Shayda und ihre Tochter Mona lieben es, zu tanzen. Im Frauenhaus dürfen sie das, ohne Hemmungen oder Kopftuch.
In diesen kargen vier Wänden fühlen sie sich in Sicherheit, auch wenn die Mitbewohnerinnen manchmal nerven und zuweilen durch ihr hirnloses Verhalten die fragile Stabilität der Frauen-Community gefährden.
Shayda liebt ihre iranische Heimat und pflegt mit ihrer Tochter Traditionen so zugewandt und liebevoll, wie sie die Kresse-Keimlinge hegt, die im Begriff sind, auf dem Fensterbrett des Übergangsasyls erste Wurzeln zu schlagen.
Flucht vor dem gewalttätigen Ehemann
Hierher mussten Shayda und Tochter Mona vor Ehemann und Vater Hossein flüchten, der mit der für seine Begriffe zu westlichen Lebensführung Shaydas nicht einverstanden ist und dies mit brutaler körperlicher und perfider psychischer Gewalt ausdrückt.
Hossein studiert in Australien Medizin und möchte danach mit seiner Familie wieder in den Iran zurückkehren.

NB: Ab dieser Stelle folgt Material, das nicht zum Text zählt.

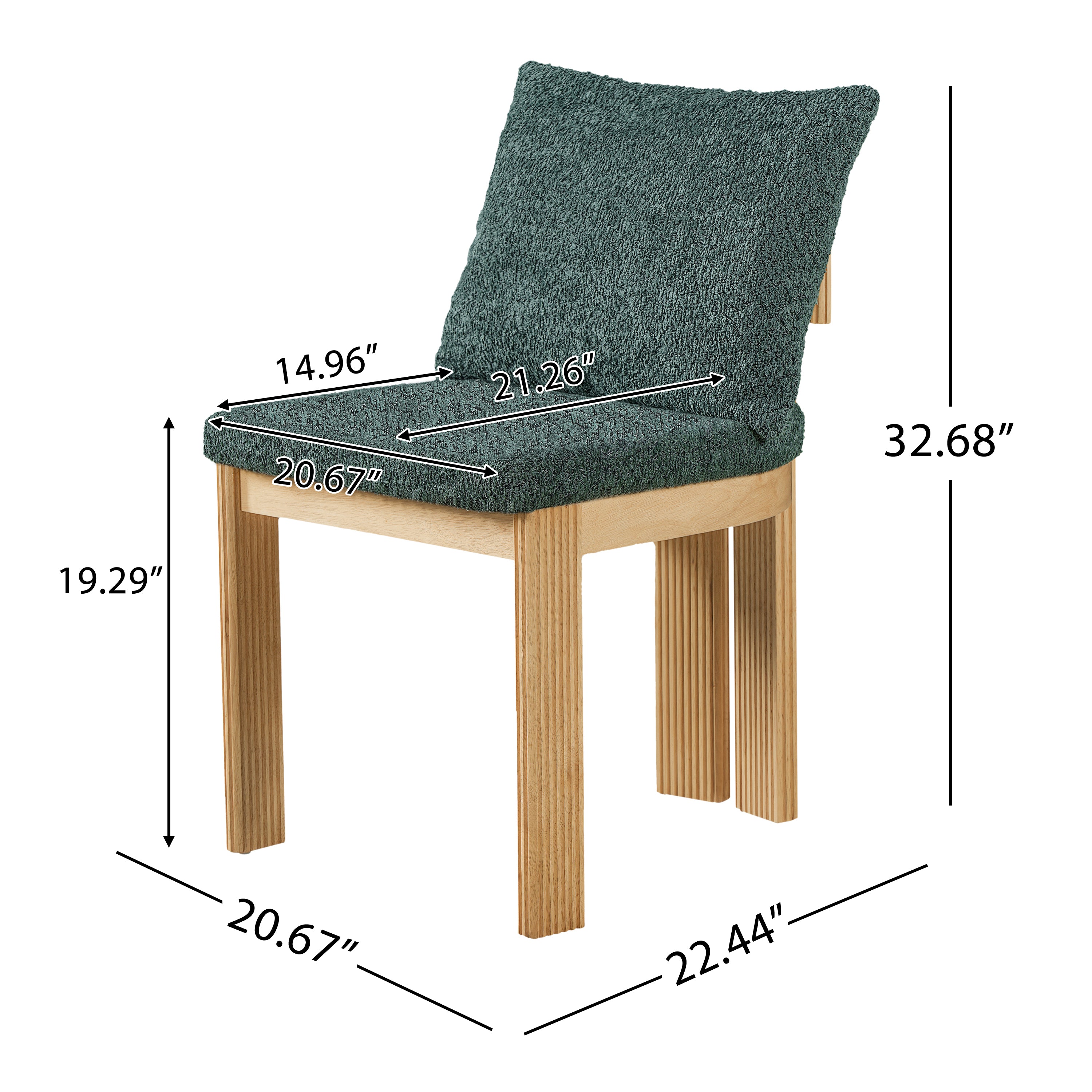 Indoor Boucle Dining Chair Set of 2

Shayda möchte das nicht.
«Shayda» zeigt auf unspektakuläre, aber eindrückliche Weise, wie die ständige Angst vor patriarchaler Gewalt und Unterdrückung selbst tausende Kilometer fern der Heimat Realität bleiben kann.

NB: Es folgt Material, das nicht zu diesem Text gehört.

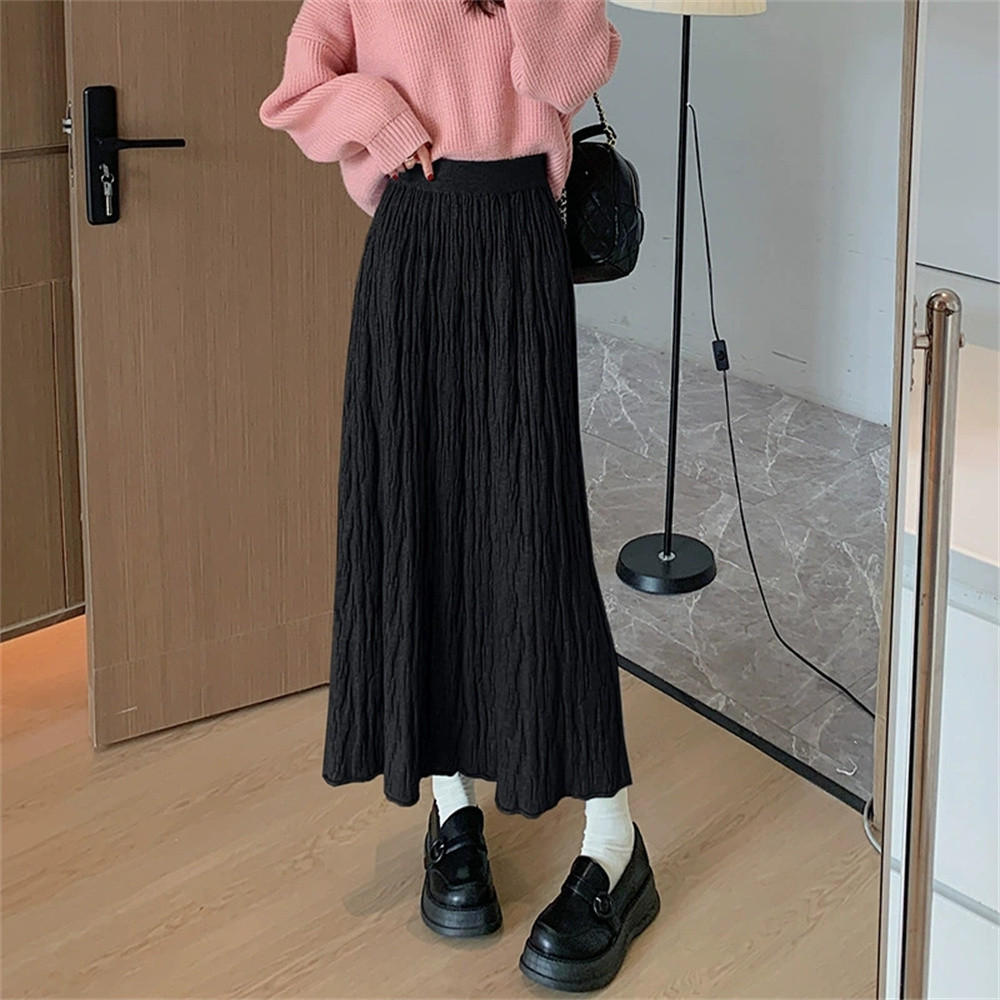 2025 New Korean Design, High Waist Skirt, Autumn Winter Female Skirt, Warm Thick Knitted Wool Long Skirt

Die iranische Gemeinde in Australien ist übersichtlich und verschworen. Wenn sich eine Frau behaupten will, wird sie zur Aussätzigen. So fühlt sich Shayda immer und überall beobachtet, manchmal zu Recht, manchmal ist es Einbildung aus purer Angst.
Der Film spielt im Jahr 1995 und ist inspiriert von Regisseurin Noora Niasaris eigener Kindheit, als sie in einem Zufluchtsort in Brisbane lebte.
Finsteres Kammerspiel
Die Regisseurin fokussiert konsequent auf das Innenleben ihrer Charaktere und erweckt dadurch zuweilen den Anschein eines finsteren Kammerspiels.
Ein Ausflug in den lokalen Supermarkt zeigt, dass das zerrüttete Leben von Shayda einem Eiertanz gleichkommt. Aus Angst davor, von ihrem gewalttätigen Mann aufgespürt zu werden, schützt sie sich mit Hut und Sonnenbrille – selbst die Frisur hat sie geändert.
Wahllos packt sie dieses und jenes in den Einkaufskorb, will möglichst schnell wieder raus. Als die nette Verkäuferin an der Kasse sie trotz Brille und Hut problemlos erkennt, wird man zur Beobachterin des innerlichen Zusammenbruchs Shaydas. Entfliehen ist unmöglich.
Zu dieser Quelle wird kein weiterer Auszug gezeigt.